Tackling the problems of finding an accurate colour match for older cars

A key part of renovating a classic car is repainting it in its original colour. This can be a very difficult part of the process for older cars where the exact colour ‘name’ as given by the manufacturer is unknown, or the appearance of the original colour has deteriorated over time. Fortunately, specialist help and advanced colour matching techniques are at hand.

Defining ‘classic’ in classic cars

A classic car can mean different things depending on who you talk to. In the USA there are more specific definitions as many states have their particular taxation criteria based on age, but here in the UK it’s less clear cut; this article sheds some light on it.

As it will likely be an older car, the original paint may have long since faded and maybe even been covered up in a totally different shade in an ill-advised respray undertaken some time previously.

So how to find out what paint colour should be used?

Owners’ clubs

If there’s an owners’ club or some type of community – quite likely these days with the advent of social media and online forums covering specific interests – this is a worthwhile first port of call. A photo of the car posted in the relevant forum or social media platform may reveal very quickly what colour you should be looking for.

It it’s less obvious, maybe a certain shade of blue as opposed to a bright colour like yellow or orange, you may have to arrange for someone to physically examine the car’s paintwork. This could be a worthwhile step if you’re fully committed to getting the best restoration possible for your classic car project.

Paint codes

Your car may have the paint code somewhere on the bodywork or maybe on one of the door jams. Somewhat confusingly the code may not bear any relation to the colour; for example ‘brown’ may not have the letter ‘B’ anywhere in it, but if you can find the code this makes for a good starting point.

Finding it could be a challenge; again owners’ clubs and other knowledgable people on forums may be able to help for your make or maybe the dealership (if it’s a marque still operating) may be able to help you find the paint code.

Armed with this information, you can go to a paint specialist to get an accurate colour match. Some have an online database of paint codes for cars and what colours they relate to.
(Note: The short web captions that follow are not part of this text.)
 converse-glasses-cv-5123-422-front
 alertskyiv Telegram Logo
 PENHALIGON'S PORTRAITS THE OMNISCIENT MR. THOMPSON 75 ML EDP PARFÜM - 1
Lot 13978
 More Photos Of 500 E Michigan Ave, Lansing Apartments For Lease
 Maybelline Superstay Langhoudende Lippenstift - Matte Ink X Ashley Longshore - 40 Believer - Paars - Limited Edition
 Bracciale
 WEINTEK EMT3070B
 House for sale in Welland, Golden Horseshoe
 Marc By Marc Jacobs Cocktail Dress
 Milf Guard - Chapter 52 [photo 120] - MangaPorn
Specialist colour matching

To find an exact colour match may require more specific and specialist help; even when the colour has been identified there can be variations amongst the same shades. This is sometimes down to weathering and fading over the years, and the fact manufacturers have tended to use different paint suppliers who inevitably may provide different variations on the same basic shade.
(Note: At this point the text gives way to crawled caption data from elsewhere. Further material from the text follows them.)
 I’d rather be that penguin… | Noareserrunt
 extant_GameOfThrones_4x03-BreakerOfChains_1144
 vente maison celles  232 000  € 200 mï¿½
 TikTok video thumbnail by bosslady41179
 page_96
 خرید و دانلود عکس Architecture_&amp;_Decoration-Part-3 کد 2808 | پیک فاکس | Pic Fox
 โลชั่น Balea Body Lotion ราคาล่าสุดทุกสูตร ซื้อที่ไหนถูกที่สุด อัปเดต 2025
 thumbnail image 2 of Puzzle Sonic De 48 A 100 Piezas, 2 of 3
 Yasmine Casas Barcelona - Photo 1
Specialist technical equipment such as a spectrophotometer is used by some colour services companies; this machine measures colour electronically and can produce very accurate colour matching results. This can help enormously if you haven’t got a paint code.

In order to enable the colour company to determine your paint colour this way, you’d need to provide a sample such as a fuel filler cap, flap or other reasonably sized area. Further information would be important such as the manufacturer, model, year of manufacture and a general description of what colour the car should be.

You can usually send the item to be analysed in via courier and they’ll return it once they’ve analysed it and prepared matching paint for you.

If you’re only looking to paint some of the car it’s vital that the sample comes from the area that you’ll be painting. If, for example, you supply the fuel filler cap but you’re actually painting a couple of panels on the other side you may not get an exact match.

Detective work

Sometimes a very old car that requires major renovation may be in such a poor state that even identifying what shade beyond a vague ‘possibly blue or maybe green’ is almost impossible. In these cases, a visit to view the car from a colour expert may be required.

They may have to carefully remove layers of colour to ascertain what the original would have been, and research colours of the time from the specific manufacturer of the particular model you own.

Use the experts

Things have come a long way since body repairers ordered some paint and mixed it in the hope it would provide a colour match. Using the specialist help discussed above you stand a very good chance of finding the paint to do your classic car justice.